Sur un plateau isolé, perdu dans le brouillard et les lueurs du petit matin, nous vîmes une lumière à côté d'une bergerie en bois. Waterbeck nous attendait avec ses jumelles et son fusil sur l'épaule prêt à partir. Grimpant dans une des voitures, il nous guida dans cet épais brouillard à travers les dunes de neige du plateau. Nous cherchions les traces de loup dans la neige au fur à mesure que nous avancions. Tout d'un coup, Waterback demanda aux voitures de s'arrêter. Nous en descendîmes silencieusement. Sur le bord de la route, nous pouvions clairement identifier des traces de loups fraîches. Un loup parcourt en moyenne 30 kilomètres par jour. A quand remontaient-elles vraiment ? Nous l’ignorions. Nous essayâmes de suivre les traces. Mais dans cet épais brouillard, cela devenait quasiment impossible. Les kirghizes continuaient de passer des coups de téléphones aux bergers du coin et ce petit groupe parlait avec animation sur la stratégie à adopter.
La visibilité étant très faible et la neige commençant à tomber, nous décidâmes de revenir dans les voitures et d'attendre que le brouillard se lève avec le soleil. Plusieurs heures passèrent. En attendant, nous restions blottis dans la voiture à dormir ou à regarder des vidéos sur les téléphones portables de nos hôtes. Le Kirghizstan est un pays à 95% composé de hautes montagnes mais, étrangement, on y capte un réseau mobile quasiment partout.

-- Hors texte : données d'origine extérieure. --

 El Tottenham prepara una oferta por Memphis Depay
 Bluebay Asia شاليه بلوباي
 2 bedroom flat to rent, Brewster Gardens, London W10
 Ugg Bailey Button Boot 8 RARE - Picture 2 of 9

Vers midi, le plateau se dégagea enfin pour laisser apparaître un immense terrain de chasse composé de dunes de neige à perte de vue. Avant de commencer la traque, nous prîmes le temps de nous restaurer et de nous désaltérer d’un bon thé chaud. L'ambiance était au beau fixe et tout le monde était déterminé à dénicher ces loups. Les locaux s'approchèrent du bord des collines pour examiner les flancs des montagnes nord où les loups se couchent pendant la journée. Ils virent que les traces continuaient vers l'autre flanc de la montagne. Nous reprîmes silencieusement les voitures afin de nous enfoncer plus loin dans le plateau.

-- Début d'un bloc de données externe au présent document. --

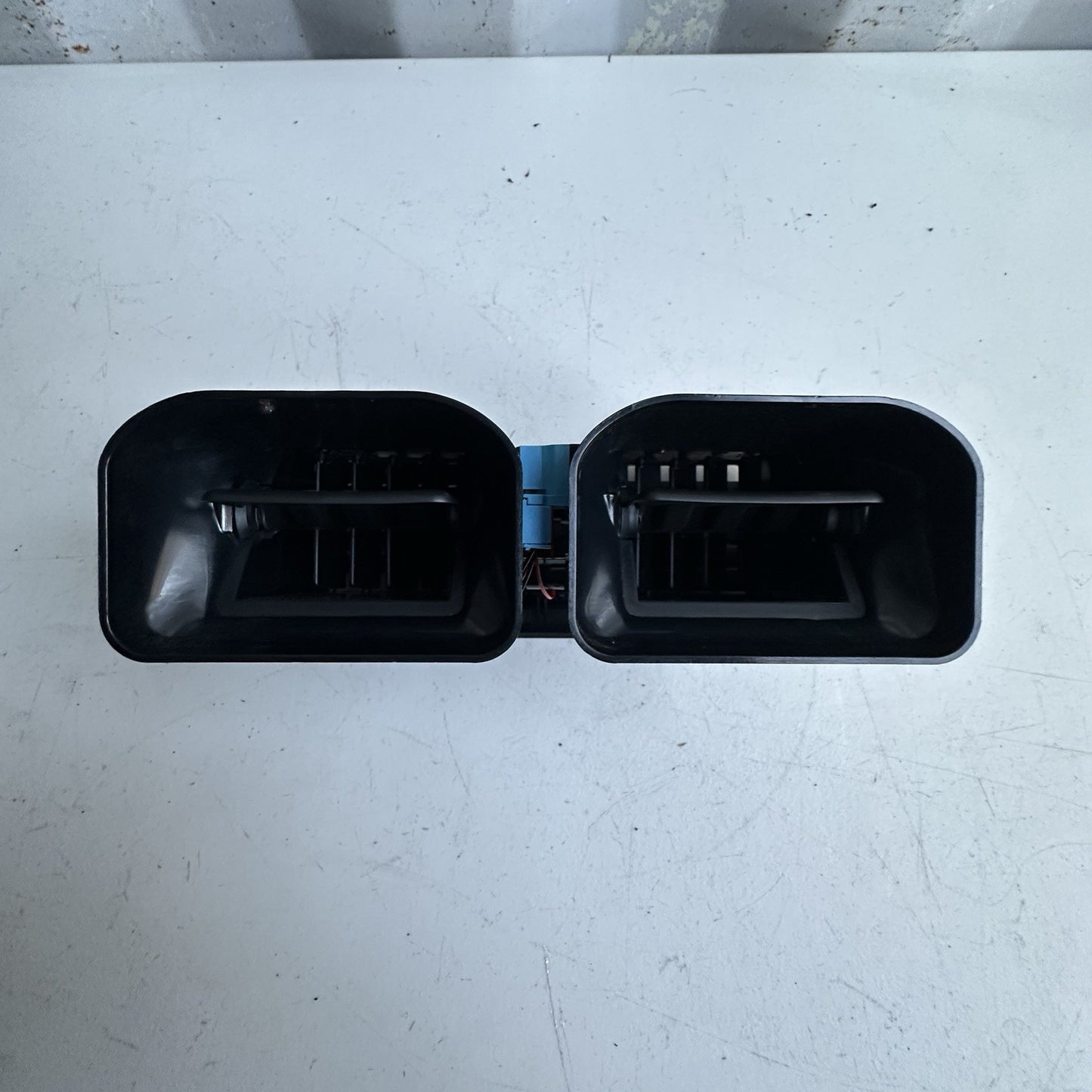 2008-2011 Mercedes-Benz C300 Center Dash AC Air Vents w/ Switch Buttons OEM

Bloqués par la neige, nous descendîmes de voiture pour commencer notre approche et notre observation. A notre grande surprise, nous ne vîmes pas de loup mais un ibex qui semblait blessé. Après discussion avec le garde-chasse, nous n'eurent pas le droit d'abattre cet animal. Au même moment, nous entendîmes des coups de feu dans la vallée. Sûrement des braconniers qui étaient en train de traquer l'ibex. Le garde-chasse passa quelques coups de fil aux autorités pour signaler la présence de braconniers et vérifier que personne d'autre n'avait de permis pour chasser dans la région en ce moment. Nous abandonnâmes l'ibex à son destin et repartîmes traquer nos loups.